Every entry below should be copied exactly, minus the pictures.

━━ DATA RECORDS ━━

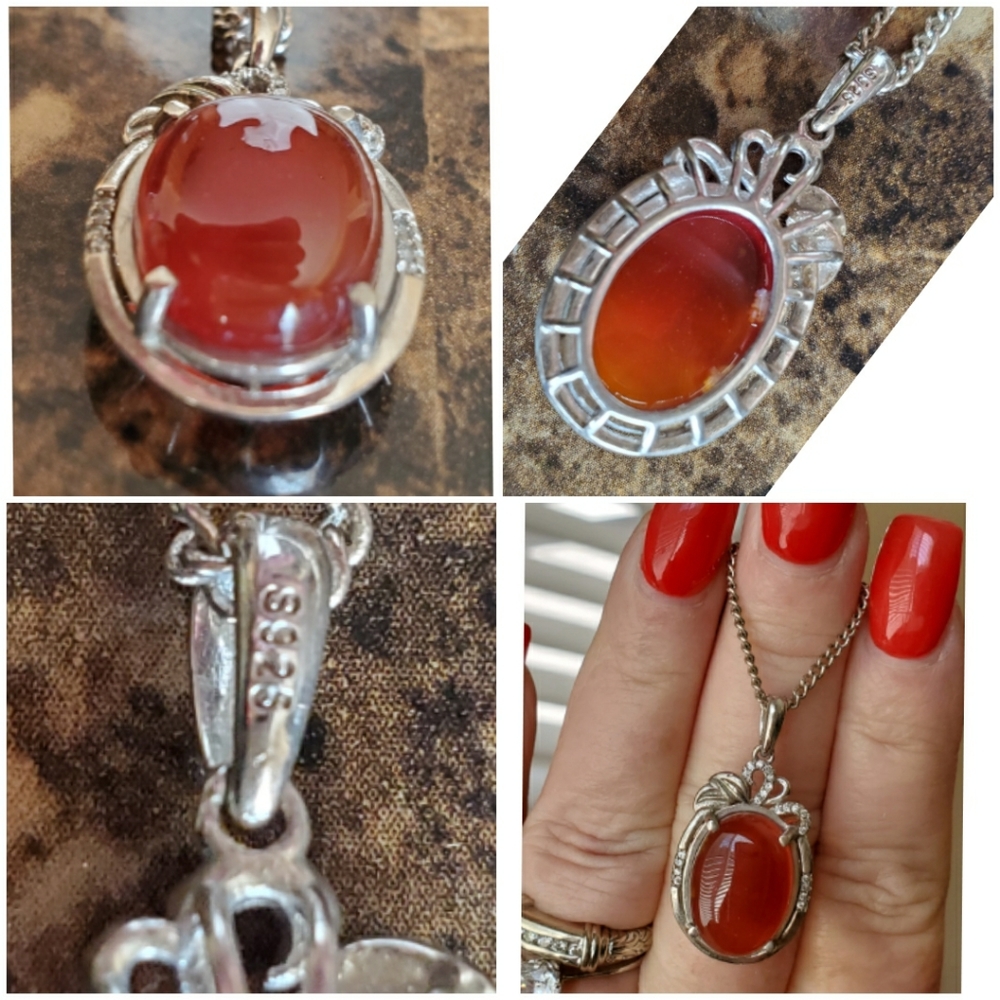 Genuine 9ct Carnelian/White Sapphire Pendant - Picture 4 of 5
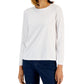 Camiseta feminina clássica lisa de manga comprida estilo &amp; co, branca, tamanho pequeno grande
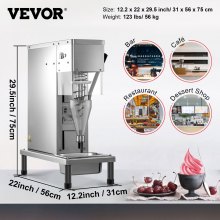 VEVOR 110V Frozen Yogurt Blending Machine 750W, Yogurt Milkshake Ice Cream Mixing Machine 304 Stainless Steel Construction, Professional Commercial Kitchen Equipment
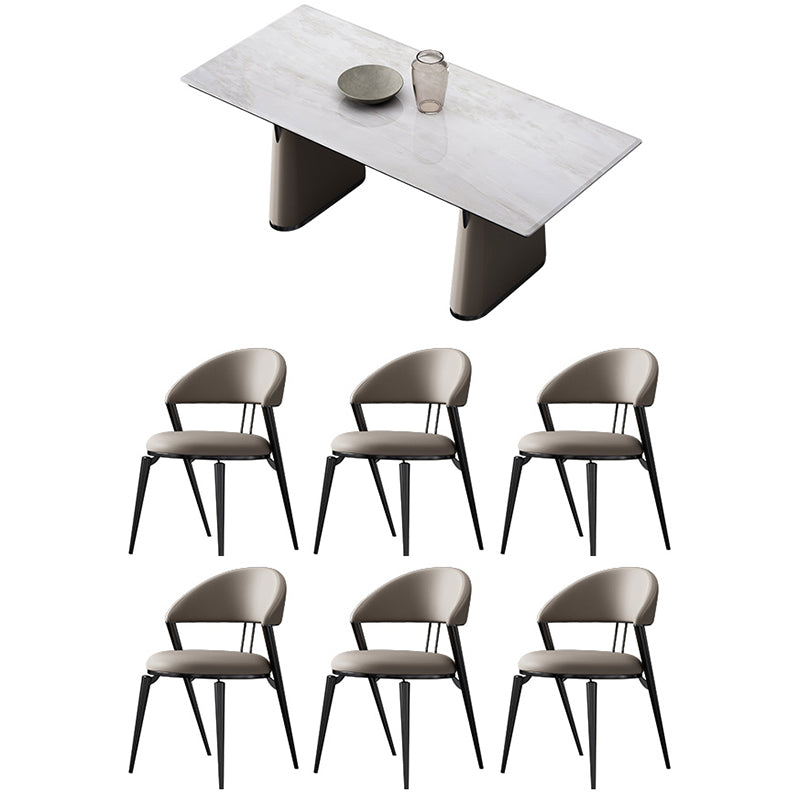 1/5/7 Pieces Modern Rectangle White Stone Dining Set for Home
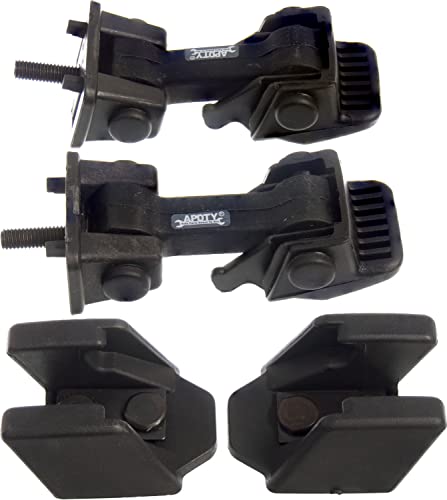 APDTY 55176636K2 Hood Latch Rubber Catch Hold Down Release Kit Set (L & R) Compatible With 1997-2006 Jeep Wrangler TJ (Includes Both Hood Catches; Replaces 55176636AD, 68038118AA)
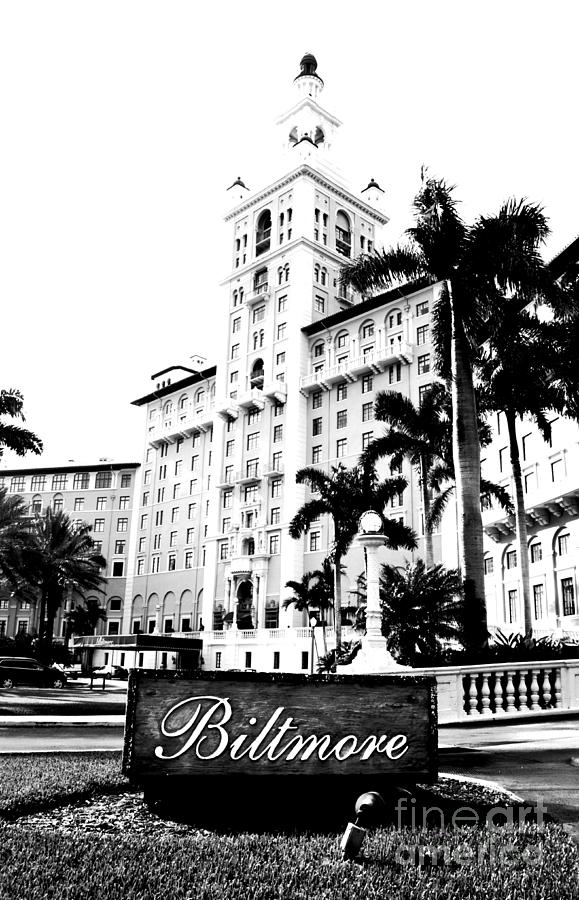 Biltmore Hotel Facade and Sign Coral Gables Miami Florida BW Conte Crayon Digital Art Digital Art by Shawn OBrien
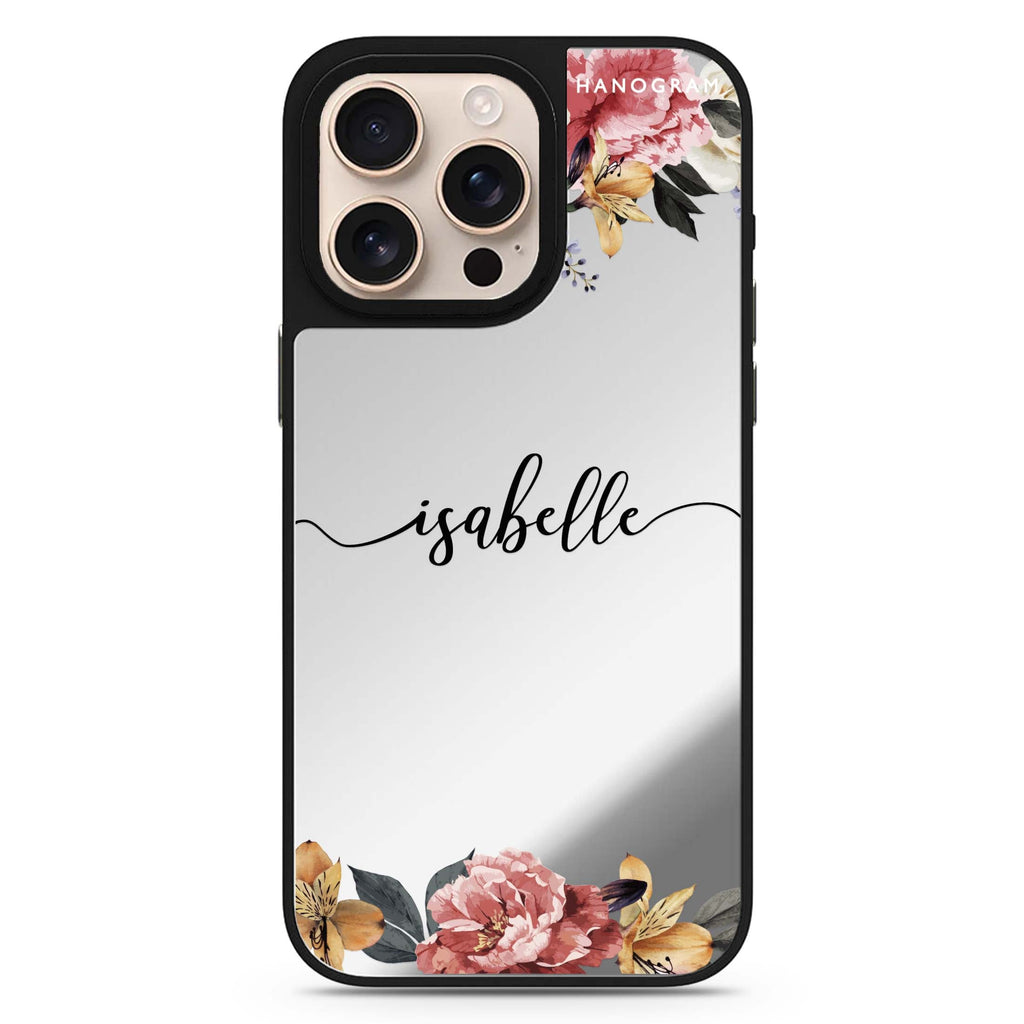 Art of Classic Floral personalized name floral design iPhone 16/15/14 Pro Max & Pro mirror case
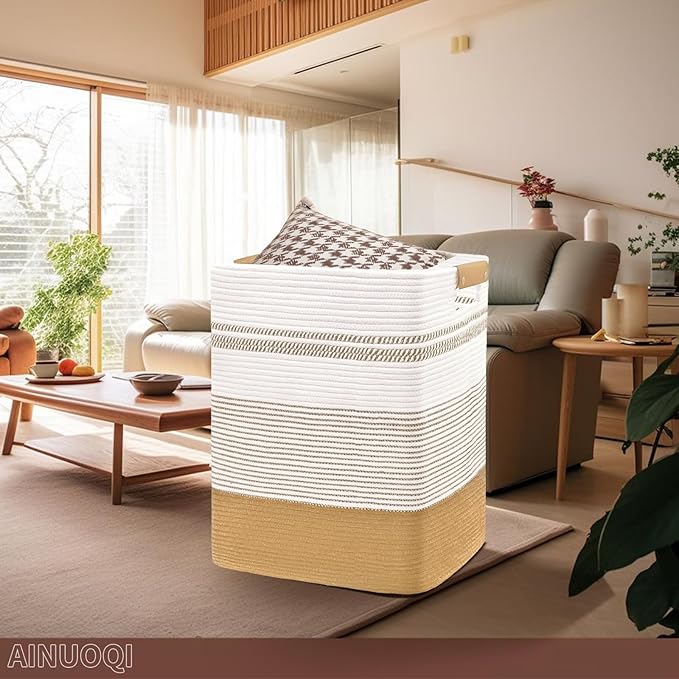 Laundry Hamper - 85L Large Laundry Basket with Leather Handles, Decorative Storage Basket for Blankets - Cotton Rope Woven Baskets for Storage, Clothes Hamper for Living Room, Jute & White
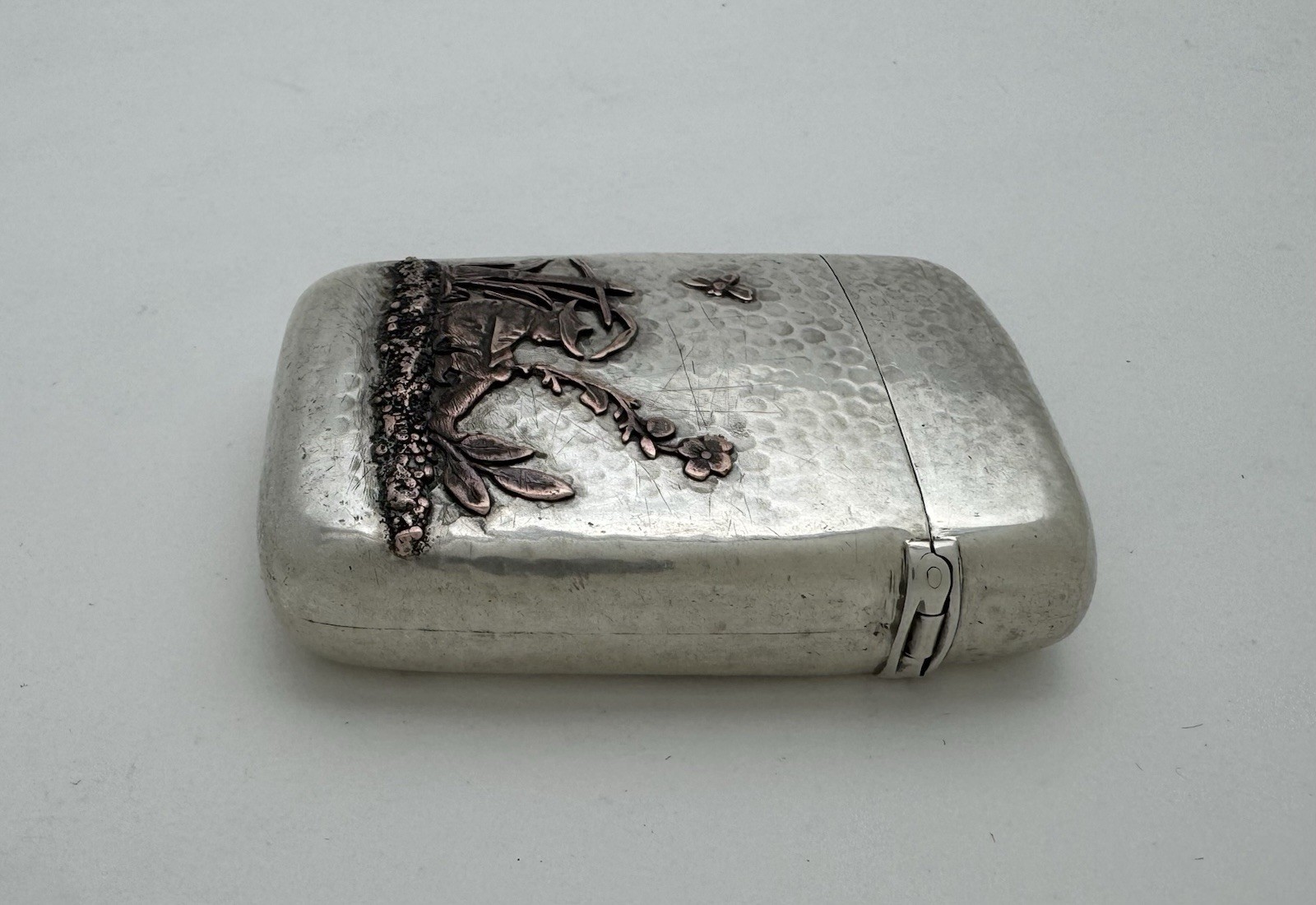 A FABULOUS GORHAM JAPANESE MANNER STERLING SILVER COPPER MIXED METALS MATCH SAFE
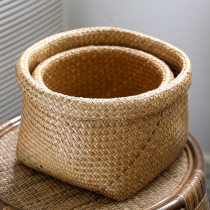 Straw storage basket desktop woven Japanese kitchen snacks sundries woven rattan small basket sundries storage basket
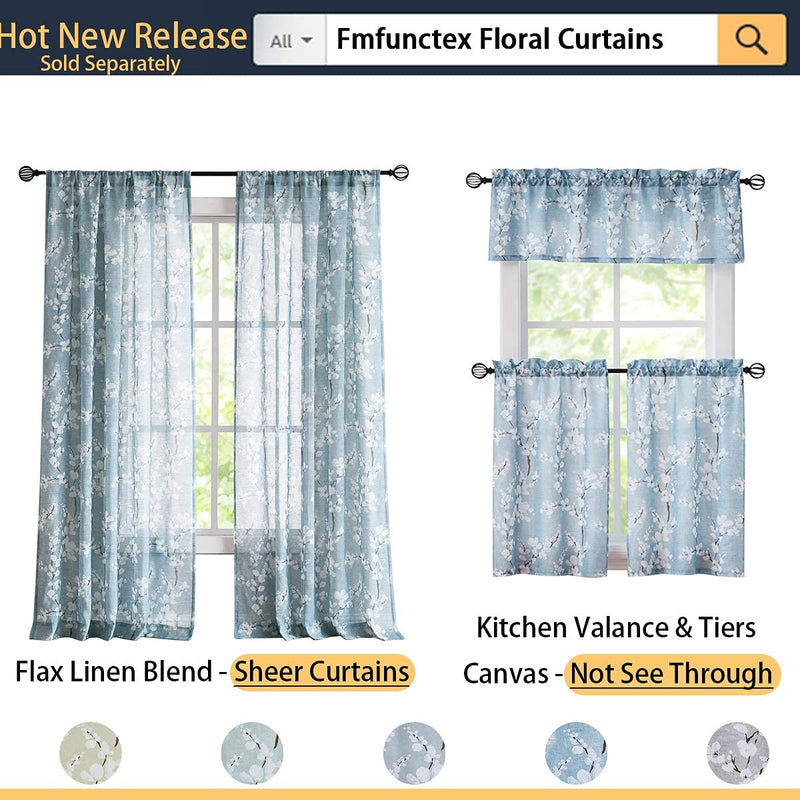 FMFUNCTEX Flax-Blend Sheer Curtains for Living-Room White Blossom Print Window Drapes 50"x 63" 2 Panels, Tan, Rod Pocket 50" x 63" - PawsPlanet Australia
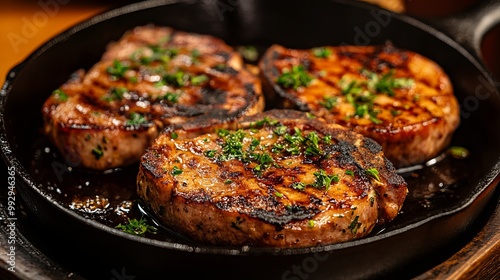 Savor the tantalizing aroma of pork chops sizzling in a cast iron pan, infused with the pungent essence of garlic. 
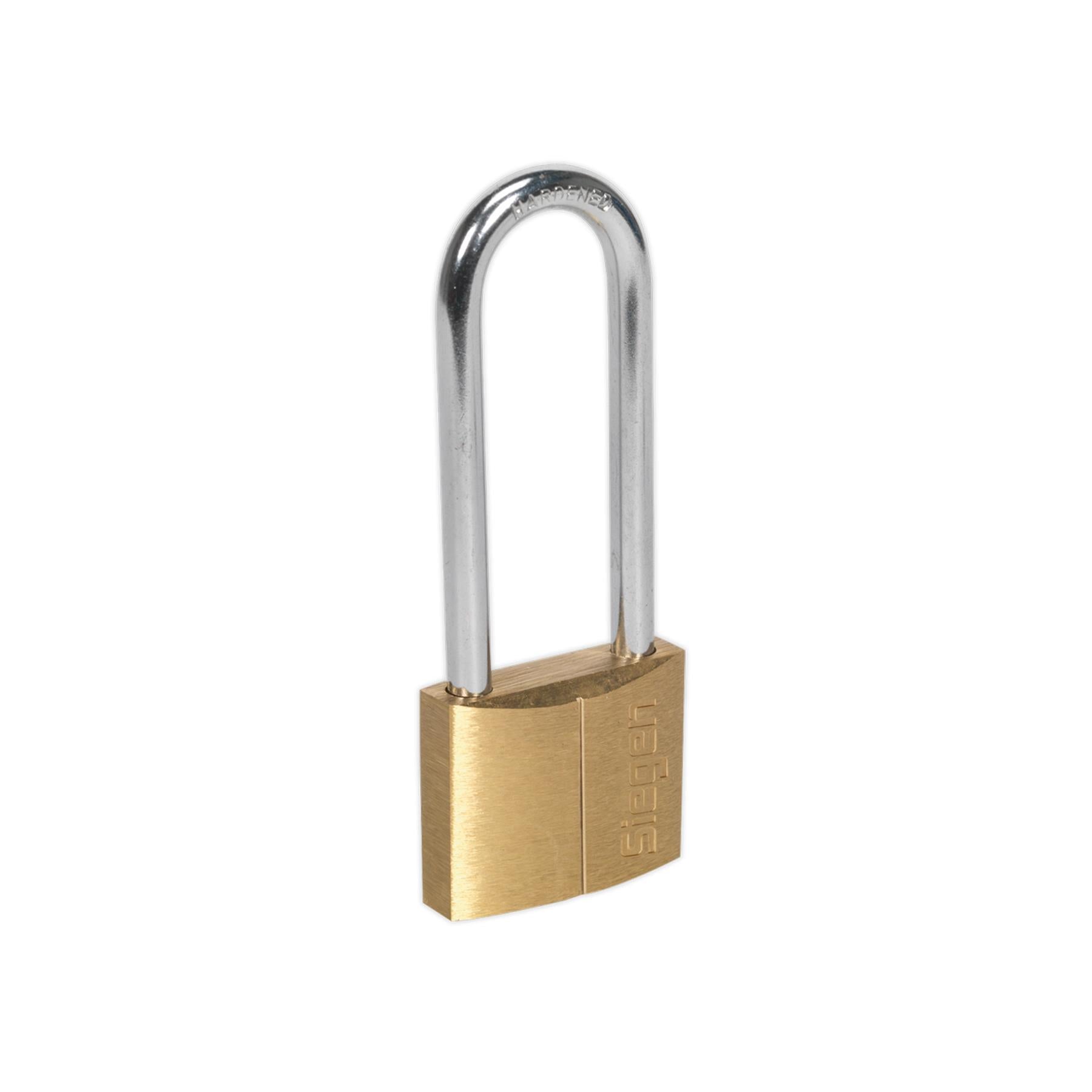 Sealey Brass Body Padlock with Brass Cylinder Long Shackle 40mm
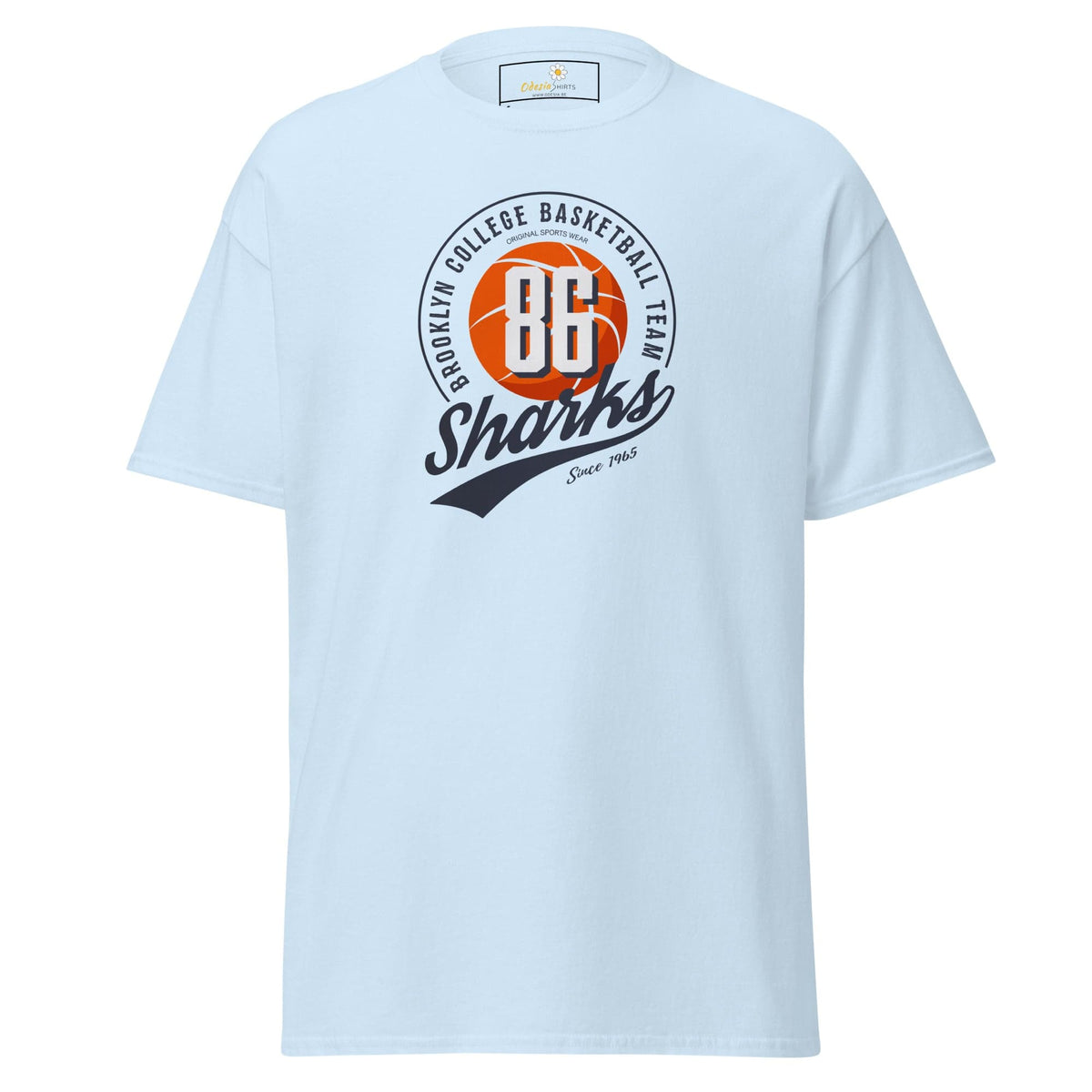 Unisex classic t-shirt - SPORT 86 SHARKS - REGULAR - Light Blue / S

━━━

» **WRITTEN RESPONSE**:
 Genuine 9ct Carnelian/White Sapphire Pendant - Picture 4 of 5
 Camiseta feminina clássica lisa de manga comprida estilo &amp; co, branca, tamanho pequeno grande
 VEVOR 110V Frozen Yogurt Blending Machine 750W, Yogurt Milkshake Ice Cream Mixing Machine 304 Stainless Steel Construction, Professional Commercial Kitchen Equipment
 1/5/7 Pieces Modern Rectangle White Stone Dining Set for Home
 APDTY 55176636K2 Hood Latch Rubber Catch Hold Down Release Kit Set (L & R) Compatible With 1997-2006 Jeep Wrangler TJ (Includes Both Hood Catches; Replaces 55176636AD, 68038118AA)
 Biltmore Hotel Facade and Sign Coral Gables Miami Florida BW Conte Crayon Digital Art Digital Art by Shawn OBrien
 Art of Classic Floral personalized name floral design iPhone 16/15/14 Pro Max & Pro mirror case
 Laundry Hamper - 85L Large Laundry Basket with Leather Handles, Decorative Storage Basket for Blankets - Cotton Rope Woven Baskets for Storage, Clothes Hamper for Living Room, Jute & White
 A FABULOUS GORHAM JAPANESE MANNER STERLING SILVER COPPER MIXED METALS MATCH SAFE
 Straw storage basket desktop woven Japanese kitchen snacks sundries woven rattan small basket sundries storage basket
 FMFUNCTEX Flax-Blend Sheer Curtains for Living-Room White Blossom Print Window Drapes 50"x 63" 2 Panels, Tan, Rod Pocket 50" x 63" - PawsPlanet Australia
 Savor the tantalizing aroma of pork chops sizzling in a cast iron pan, infused with the pungent essence of garlic. 
 Sealey Brass Body Padlock with Brass Cylinder Long Shackle 40mm
 Unisex classic t-shirt - SPORT 86 SHARKS - REGULAR - Light Blue / S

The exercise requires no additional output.